SUPPLIED DATA:
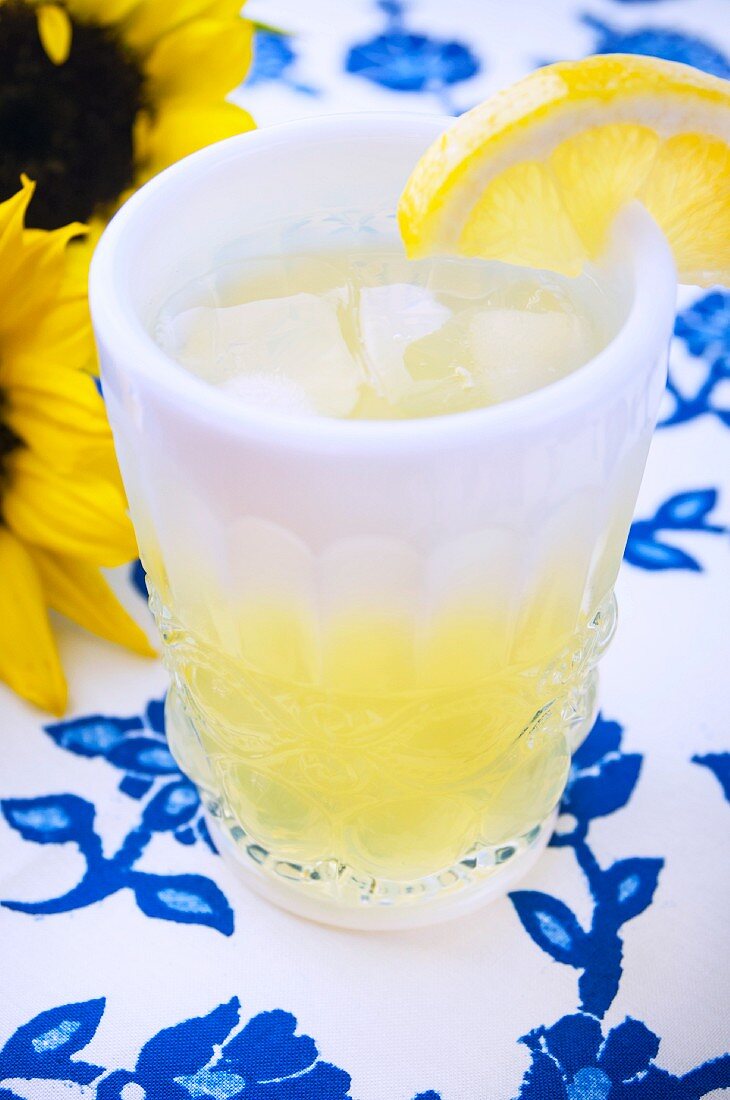 A lemon drink in a thick glass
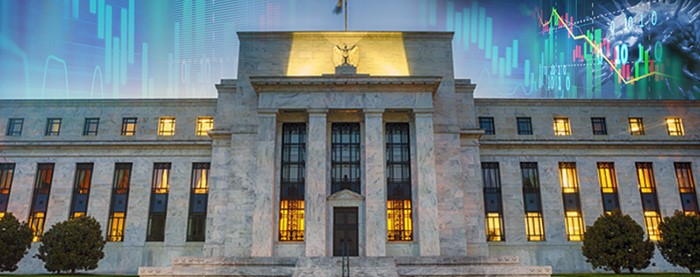 An image of the Federal Reserve Building with stock market ticks in the sky.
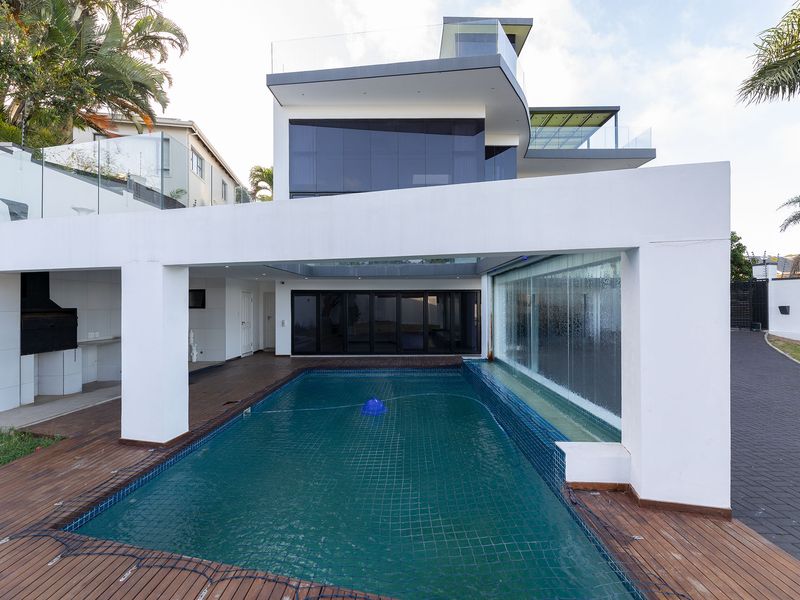 Modern multi-level home featuring a sleek swimming pool with a built-in water feature, timber decking, and expansive glass balustrades for a contemporary outdoor living experience.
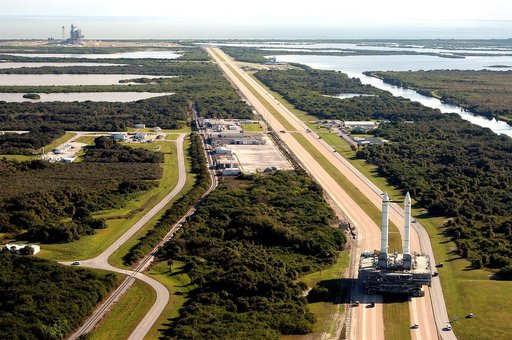 KENNEDY SPACE CENTER, FLA. -  The crawler transporter slowly moves the Mobile Launcher Platform (MLP), carrying a set of twin solid rocket boosters, away from the Vehicle Assembly Building (VAB) in support of engineering analysis vibration tests on the crawler and MLP.   In the distance, at left, is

PROBLEM DESCRIPTION: Restate word for word the lines from the one containing "An image of" through the end of the material above, both included, and nothing besides; drop the pictures.

SOLUTION FOR THIS PROBLEM:
 An image of the Federal Reserve Building with stock market ticks in the sky.
 Modern multi-level home featuring a sleek swimming pool with a built-in water feature, timber decking, and expansive glass balustrades for a contemporary outdoor living experience.
 KENNEDY SPACE CENTER, FLA. -  The crawler transporter slowly moves the Mobile Launcher Platform (MLP), carrying a set of twin solid rocket boosters, away from the Vehicle Assembly Building (VAB) in support of engineering analysis vibration tests on the crawler and MLP.   In the distance, at left, is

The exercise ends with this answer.